Investing in Animal Welfare and Health With Mark Pieloch

Mark Pieloch is a noted entrepreneur who has created several specialty pharmaceutical firms dedicated to improving the health of cats, dogs and horses. The charitable contributions Pieloch makes to animal-welfare organizations, however, constitute some of his most important investments. Groups like the Capital Humane Society, the Beach Park Animal Hospital, the Central Florida Animal Reserve and other nonprofits offer hope and shelter to homeless animals and practice responsible rehoming to provide brighter futures for pet owners and their cherished four-legged companions. By supporting the work of these organizations, Mark Pieloch hopes to create a better world for both people and pets.

Mark Pieloch: The Value of Community-Based Animal Shelters

Mark Pieloch is integrally involved in supporting the work of animal-care organizations in the neighborhoods, communities and cities in which he lives and works. As the owner and founder of several pharmaceutical firms specializing in creating nutrition supplements and other health products for companion animals, Pieloch is committed to improving the lives of homeless pets. He has demonstrated this commitment with large donations to the Capital Humane Society in Lincoln, Nebraska, to the Central Florida Animal Reserve and to the Waukegan Park District K9 Trace and Pace fundraiser.

Mark Pieloch Sponsors UNL Western Horsemanship Equestrian Team

As a sponsor of the Western and Hunt Seat Horsemanship Equitation Team at the University of Nebraska-Lincoln (UNL), Mark Pieloch has provided Phycox products and financial support for the team’s activities and competitions. Prospective members are required to try out to earn their place on the team and must comply with IHSA rules throughout their participation. Team members must attend weekly practices, pay dues and participate in fundraisers. These fundraisers help pay for ongoing expenses that include buses to and from competitions, team jerseys and entry fees. Exhibitions and performances can also provide added funds to support team activities.

At UNL, riders can compete in six divisions that correspond to their level of achievement in the equestrian arts. Beginners can compete against others at their own level, and advanced riders can take on more difficult challenges as their skill improves. Hunt Seat competitors are classified into eight divisions; they also compete against others with similar skill levels and abilities.

Members of the UNL Western and Hunt Seat Horsemanship teams ride university-owned horses during all practices and competitions. Riders are ranked and earn points according to their performance at shows and competitive events throughout the year. Team members who obtain 36 points during the course of competitions move up to the next division and are qualified to compete in Regionals. The top two performers in the Regionals compete in Zones. Finally, the top two riders in the Zones move up to compete at the Nationals. The UNL team depends on the help of sponsors like Mark Pieloch to support their activities throughout the year.

Mark Pieloch: Helping Big Cats at the Central Florida Animal Reserve

Mark Pieloch’s $12,000 donation to the Central Florida Animal Reserve allowed much-needed repairs after high winds damaged the refrigeration system and dismantled part of the shelters for big cats living in the reserve.

Pieloch is the owner of PSPC Inc., a firm that manufactures and distributes medications and nutritional supplements for companion animals, including dogs, cats and horses. When Pieloch heard about the plight of the big cats at the Central Florida Animal Reserve, he contacted Dr. Thomas Blue to find out how he could help. The $12,000 donation covered all necessary repairs to restore functionality after the storm.
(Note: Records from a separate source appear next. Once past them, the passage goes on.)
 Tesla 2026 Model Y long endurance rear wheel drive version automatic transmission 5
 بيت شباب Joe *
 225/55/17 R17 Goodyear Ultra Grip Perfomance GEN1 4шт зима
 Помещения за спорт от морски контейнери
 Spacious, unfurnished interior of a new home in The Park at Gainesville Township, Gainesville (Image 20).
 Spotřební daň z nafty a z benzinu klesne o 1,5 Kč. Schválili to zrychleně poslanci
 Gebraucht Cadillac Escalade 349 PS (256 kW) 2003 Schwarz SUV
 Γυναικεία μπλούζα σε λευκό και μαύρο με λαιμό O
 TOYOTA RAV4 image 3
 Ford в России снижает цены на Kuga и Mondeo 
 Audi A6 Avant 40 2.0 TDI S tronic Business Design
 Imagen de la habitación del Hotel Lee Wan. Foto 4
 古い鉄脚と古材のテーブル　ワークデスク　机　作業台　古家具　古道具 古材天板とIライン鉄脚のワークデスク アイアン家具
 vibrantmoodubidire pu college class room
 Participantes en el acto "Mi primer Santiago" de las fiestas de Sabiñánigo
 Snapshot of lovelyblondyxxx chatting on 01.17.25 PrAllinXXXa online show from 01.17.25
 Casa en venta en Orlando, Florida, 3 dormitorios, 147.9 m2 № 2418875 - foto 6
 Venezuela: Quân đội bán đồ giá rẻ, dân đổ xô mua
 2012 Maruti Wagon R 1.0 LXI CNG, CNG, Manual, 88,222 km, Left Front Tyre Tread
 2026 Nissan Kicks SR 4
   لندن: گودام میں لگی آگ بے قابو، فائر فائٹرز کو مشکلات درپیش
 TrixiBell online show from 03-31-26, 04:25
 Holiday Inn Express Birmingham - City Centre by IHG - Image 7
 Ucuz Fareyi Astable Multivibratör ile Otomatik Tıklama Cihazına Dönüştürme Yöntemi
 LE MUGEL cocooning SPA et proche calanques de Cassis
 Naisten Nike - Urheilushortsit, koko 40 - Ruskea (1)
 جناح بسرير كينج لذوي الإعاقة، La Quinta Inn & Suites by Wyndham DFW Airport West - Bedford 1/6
More than 45 big cats have found a home at the Central Florida Animal Reserve. Many of these cats were rescued from unsuitable living conditions, were surrendered by unprepared owners or were born on the premises of the reserve to animals already there. Cougars, leopards, tigers and lions are among the residents of the reserve and enjoy the best possible care from Blue and his staff of volunteers. The Central Florida Animal Reserve and the big cats under its care will be moving in the next two years to a new facility better suited to the needs of these beautiful animals.

Mark Pieloch’s commitment to pets and animals of all types has motivated his generosity toward the Central Florida Animal Reserve and other animal-care organizations. His efforts have improved the lot of homeless cats, dogs and other companion animals in Florida, Nebraska and other areas around the United States.